Cuando Teresa llegó a nuestro monasterio como huésped pidiendo ayuda, era como un ovillo de cardos, con el corazón lleno de contracturas. Necesitaba contarse ante otra persona: se habían derrumbado ante ella muchos mundos, se había tambaleado su firmamento personal hasta no dejar nada en pie. Abandonos, fracasos, heridas y soledad, de ahí su infinito relato de apocalipsis íntimos.
Más que dar esperanza, debíamos buscar lo que quedaba de ella entre los escombros. Y ahí estaba, agazapada en el último rincón como una niña aterrada. La esperanza es la última en perderse porque guarda una certeza, que la última palabra no está en nosotros. La esperanza aguarda al Único que salva al hombre.
Ha sido un largo viaje. Ha sido preciso sacar a Teresa de sus curvaturas sobre sí misma, de las defensas en las que estaba encerrada y ayudarla a levantarse, a alzar la cabeza y esperar de pie al Hijo del Hombre.

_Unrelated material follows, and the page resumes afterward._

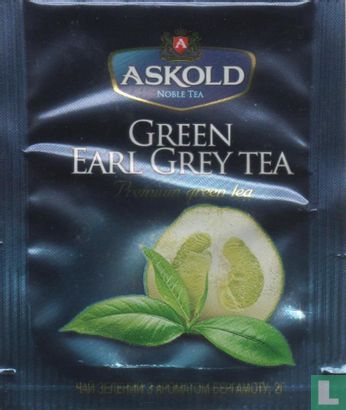 Green Earl Grey Tea - Image 1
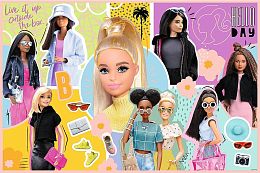 Trefl Puzzle 300 pieces: Your favorite Barbie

Me dijo: «Cuánta misericordia habéis tenido conmigo». Yo le respondí: «Sí, cuánta esperanza».
Una cosa clara: nunca se puede desesperar de nada ni de nadie. El ser humano, tocado por la gracia, se levanta del polvo 70 veces siete. Cuando parece no quedar nada, queda la esperanza. La huella de la misericordia de Dios en nosotros es esa invencible esperanza, hechura suya, que Él ha dejado grabada a fuego en el barro humano y que nos orienta hacia la Vida, la salvación, el Amor, la verdadera felicidad, y nos hace esperar en ello. Esta esperanza nos salva. Es la fuerza que nos levanta del polvo, nos alza de muerte… porque Él se acerca, viene, y nos salvará. Sí, ¡cuánta esperanza despierta la misericordia de Dios en nuestras vidas!